Reading this along with Bounded Distrust I find myself wondering if Scott is being purposely obtuse as a means of currying favor with his ingroup (wealthy bay-area progressives), or genuinely doesn't grasp the above dynamic.

In a realistic world, there would be precisely worded, standardized, questions that would get asked of Aes Sedai any time a legal or similar situation came up, that had been vetted for loopholes and worked in the past.

In fact, Scott completely grasps the dynamic you describe. That's the whole point of his post! He says that while media sources aren't technically lying, they still are giving misleading impressions with their work. He isn't at all saying "these media organizations don't outright lie therefore they are trustworthy".

When I was in High School, I thought the Aes Sedai were oh-so-clever, but making the truth dance is still immoral even if you don't speak literal falsehoods. That journalists of all stripes continue playing this game is partly why I consider their moral development on par with teenagers'.

Oh, for sure. I don't think Robert Jordan intended the Aes Sedai to be moral role models.

He isn't at all saying "these media organizations don't outright lie therefore they are trustworthy".

Ill admit that i stopped reading at the bottom of part II so if Scott turned it around later thats on me, but "these media organizations experts didn't outright lie therefore they are trustworthy" is pretty much tbe core thesis of Bounded Distrust and this article seemed like it was headed in the same general direction.

It's a bad title (or at least a title that is not aimed at the Motte users -- this post is clearly directed at people who are marginally pro-censorship). I went in thinking that's where Scott was going, but his point is that even Infowars mostly doesn't tell outright lies, and would-be censors' claim that they are merely fighting "truly fake news," rather than differences of opinion is full of shit. That their claims to objectivity are hollow.

This may seem obvious to many people here, but a large portion of Scott's audience (and probably an even larger portion of his peer group) honestly doesn't understand why we don't just ban all the obviously bad people because they're obviously and uncontrovertably bad. He's trying to nudge those people toward free speech without alienating them entirely.

Fair and I suppose that's on me for not reading the whole thing. I should've given him more credit than I did.

Have you read Pact and/or Pale? Same limitation on magic users and magic creatures. Pretty much the same result, too, other than there is no issues with normies distrusting magic users because they do not know of them.

Do you know if there is any place I can get this as an epub? I tried googling it and I just find links to the guys website, im not interested in reading the whole thing online.

If you're fine with mobi files, you can get Pact from https://github.com/TheBrain0110/worm_scraper. Pale isn't on there, but the script would probably work on it too if you wanted to run it locally.

I started Pact but never finished it.
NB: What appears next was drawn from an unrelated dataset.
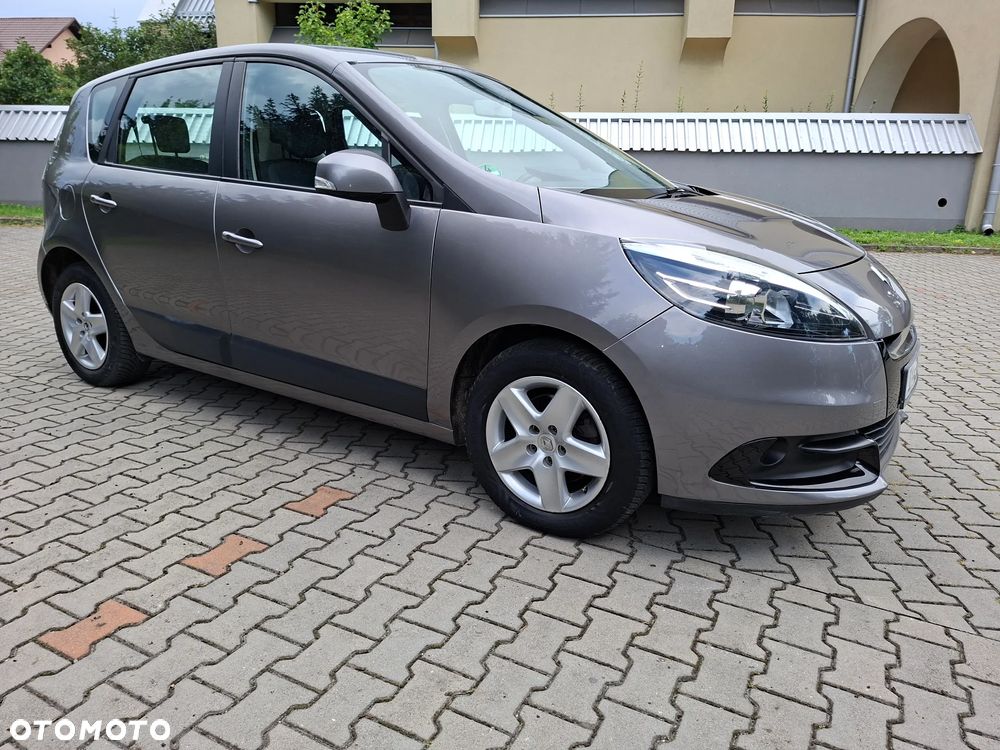 Renault Scenic 1.6 16V TomTom Edition - 16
Got about 100,000 words in and realized that I didn't really care about any of the characters or the world being crafted.

Pact, I think, was definitively the low point of wildbow's oeuvre, but he does have a certain signature trope that makes it particularly hard to care for his protagonists. (I read through all of Worm and Pact, and got pretty far through Twig whose worldbuilding I loved but which made me do a hard "not this shit again" drop when the trope in question reared its head again. It would probably be good if it's the first of his stories you read.)

(I'm talking about how his protagonists inevitably slide into inhumanity and outright non-sapience over the course of the plot.)

I'm talking about

@HlynkaGC, too.

Pale is doing a very good job of not taking that path, even while laying out why it might be a desirable option for some of the protagonists.

Yah that bothers me too. While I quite enjoyed Worm, Pact felt like it was emphasizing all the elements i disliked in Worm (see your spoiler) while minimizing the elements I enjoyed.